**AVAILABLE DATA**
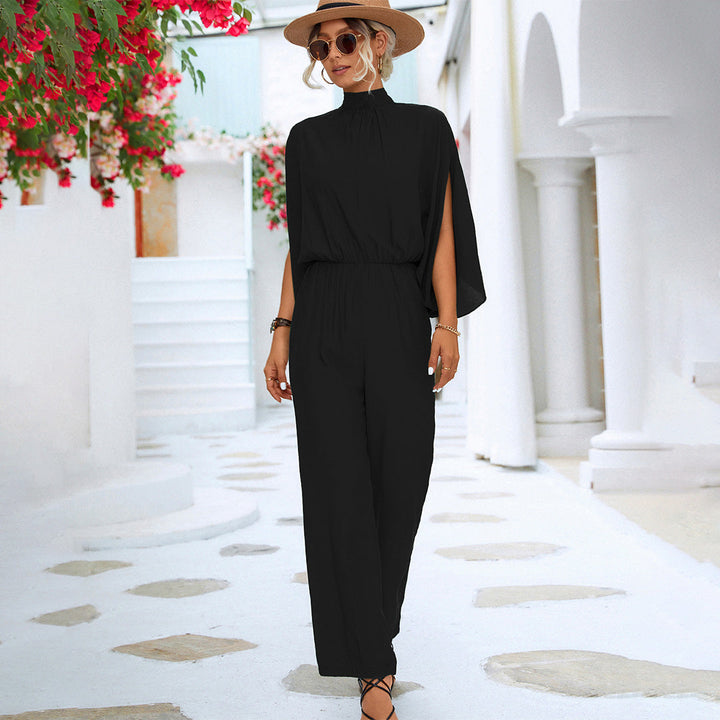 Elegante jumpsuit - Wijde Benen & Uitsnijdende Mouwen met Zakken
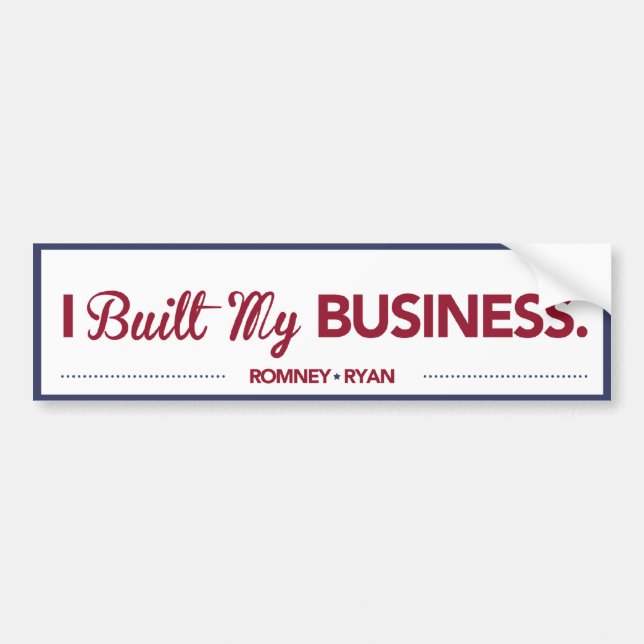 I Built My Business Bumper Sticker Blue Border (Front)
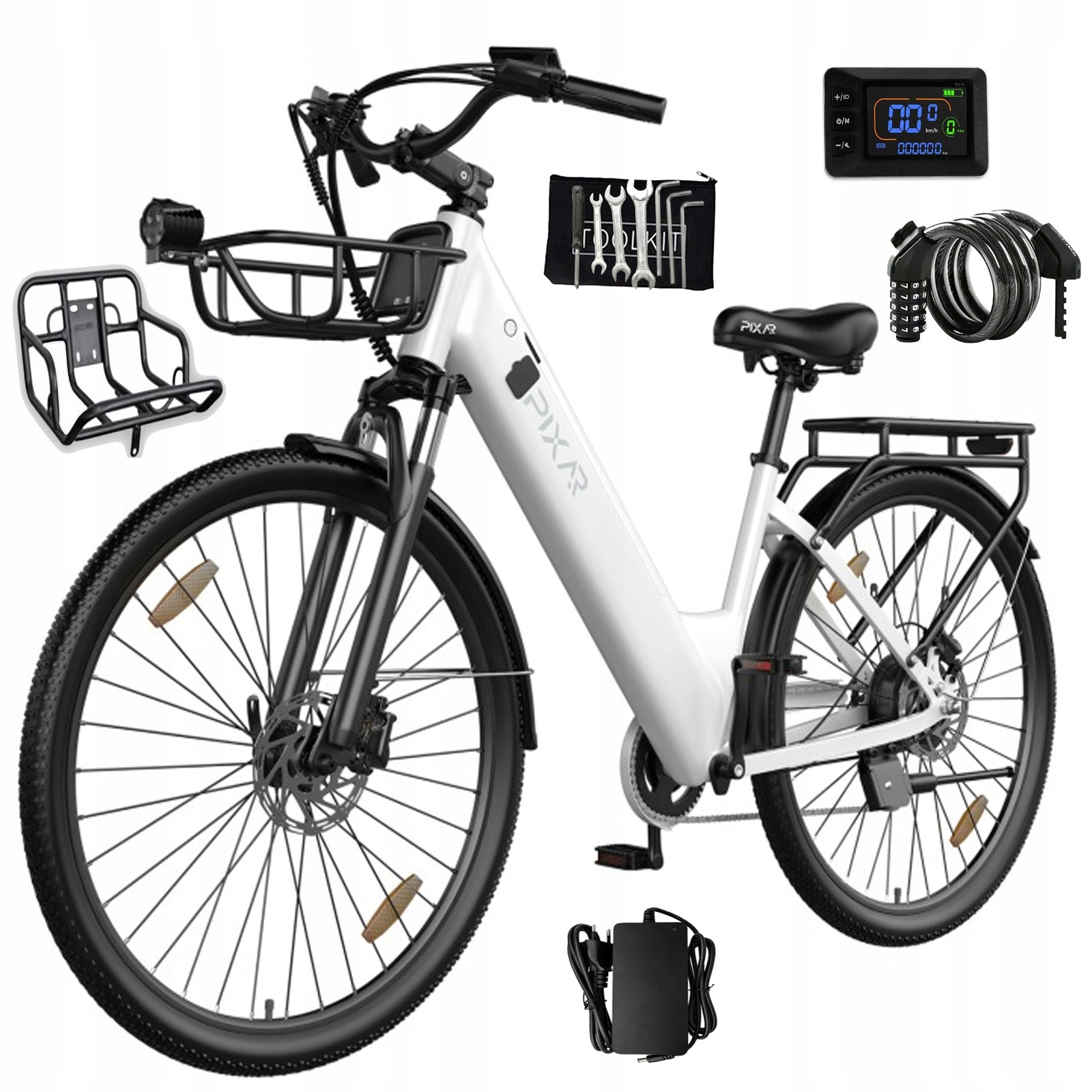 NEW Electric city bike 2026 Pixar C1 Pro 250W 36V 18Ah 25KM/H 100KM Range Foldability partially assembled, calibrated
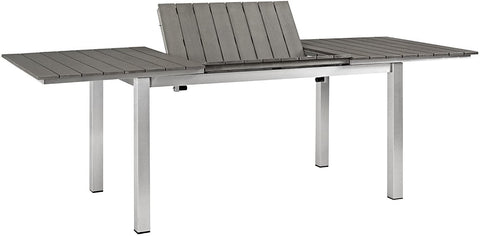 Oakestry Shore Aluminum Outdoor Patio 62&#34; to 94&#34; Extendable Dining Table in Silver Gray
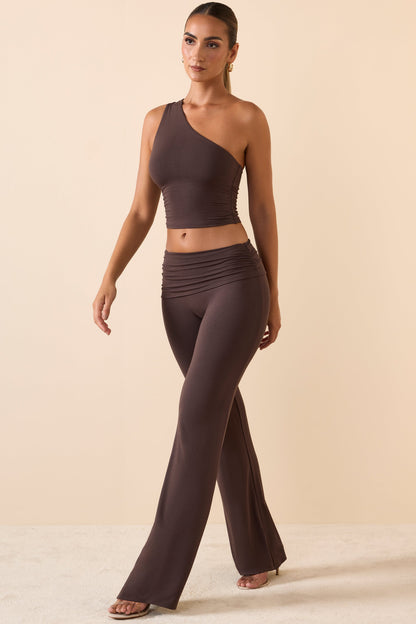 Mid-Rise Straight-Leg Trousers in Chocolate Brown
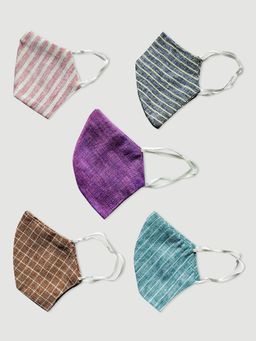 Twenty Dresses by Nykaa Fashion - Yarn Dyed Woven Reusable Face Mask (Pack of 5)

**DESCRIPTION OF THE TASK**
Exactly the lines from the one containing "NEW Electric city" to the end of the records above, both end lines included, are to be printed, and no pictures with them.

**YOUR SOLUTION**
 NEW Electric city bike 2026 Pixar C1 Pro 250W 36V 18Ah 25KM/H 100KM Range Foldability partially assembled, calibrated
 Oakestry Shore Aluminum Outdoor Patio 62&#34; to 94&#34; Extendable Dining Table in Silver Gray
 Mid-Rise Straight-Leg Trousers in Chocolate Brown
 Twenty Dresses by Nykaa Fashion - Yarn Dyed Woven Reusable Face Mask (Pack of 5)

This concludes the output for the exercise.